**Raw data**:
···

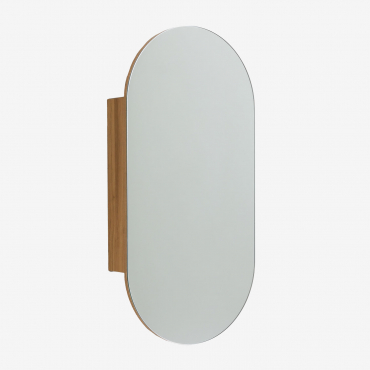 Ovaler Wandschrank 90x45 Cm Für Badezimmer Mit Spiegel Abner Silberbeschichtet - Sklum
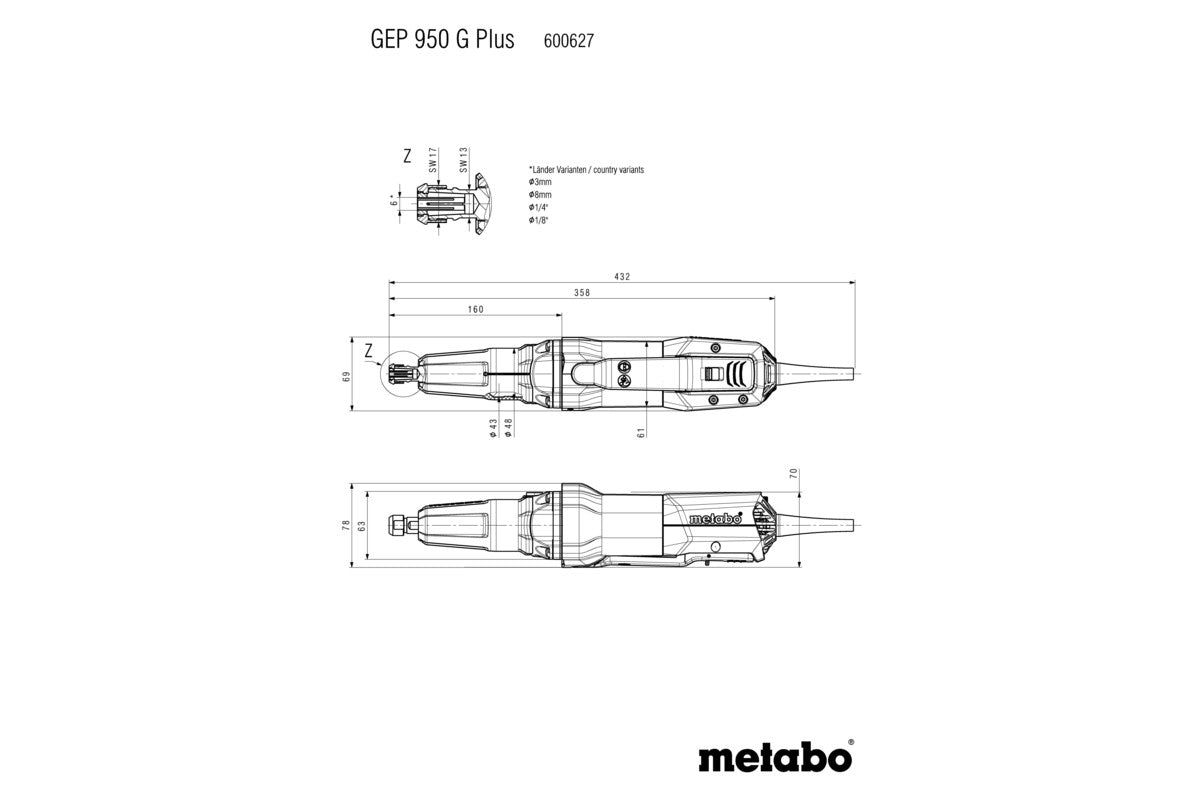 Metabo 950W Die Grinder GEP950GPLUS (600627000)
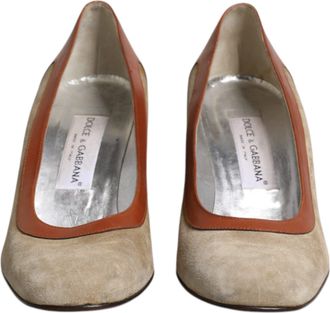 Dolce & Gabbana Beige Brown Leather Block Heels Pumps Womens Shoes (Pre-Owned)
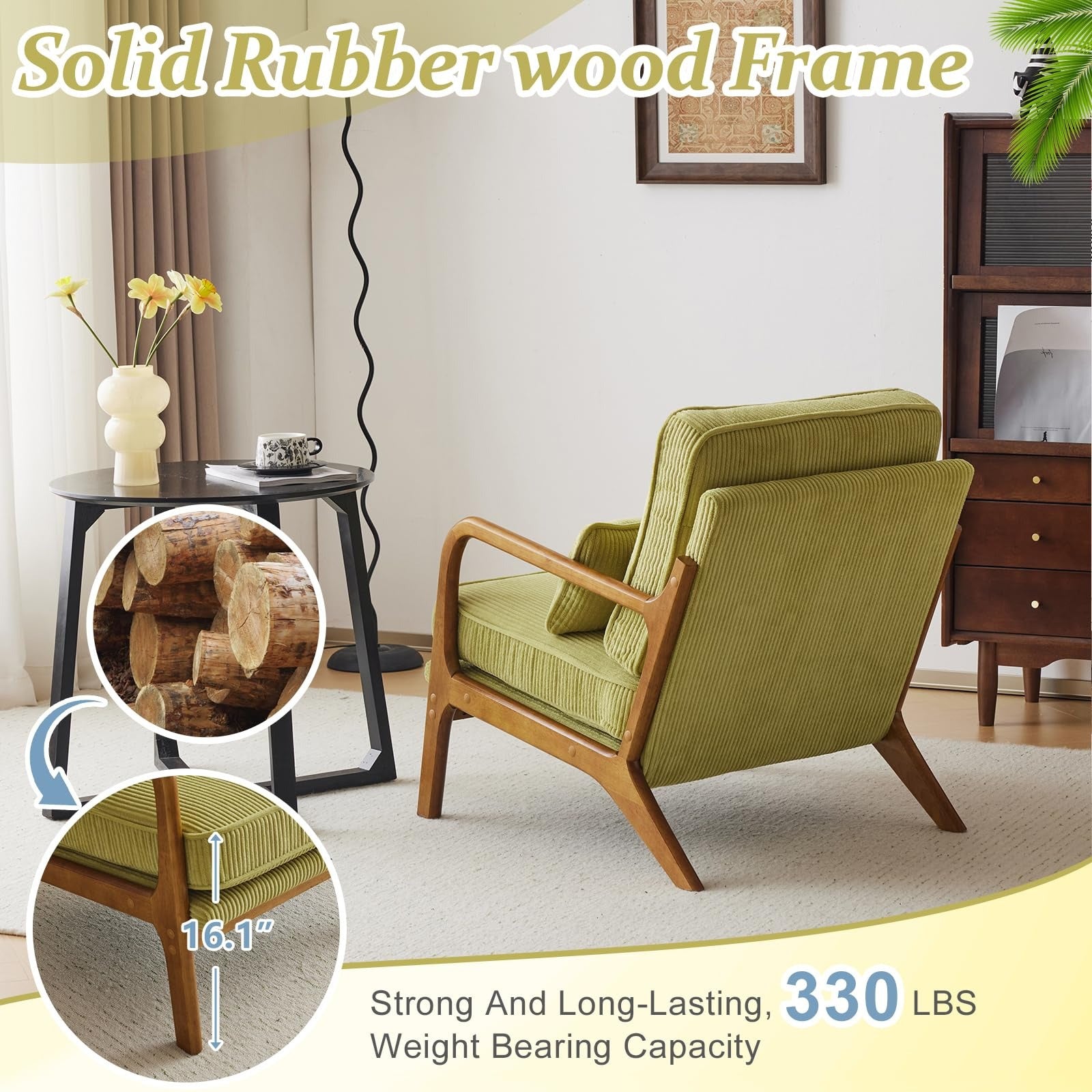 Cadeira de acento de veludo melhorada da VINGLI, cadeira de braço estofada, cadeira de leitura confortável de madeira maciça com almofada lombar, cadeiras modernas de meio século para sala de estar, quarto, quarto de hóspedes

···

**Your goal**:
Set down, word for word, the full listing above, and carry over no pictures.

**Response**:
 Ovaler Wandschrank 90x45 Cm Für Badezimmer Mit Spiegel Abner Silberbeschichtet - Sklum
 Metabo 950W Die Grinder GEP950GPLUS (600627000)
 Dolce & Gabbana Beige Brown Leather Block Heels Pumps Womens Shoes (Pre-Owned)
 Cadeira de acento de veludo melhorada da VINGLI, cadeira de braço estofada, cadeira de leitura confortável de madeira maciça com almofada lombar, cadeiras modernas de meio século para sala de estar, quarto, quarto de hóspedes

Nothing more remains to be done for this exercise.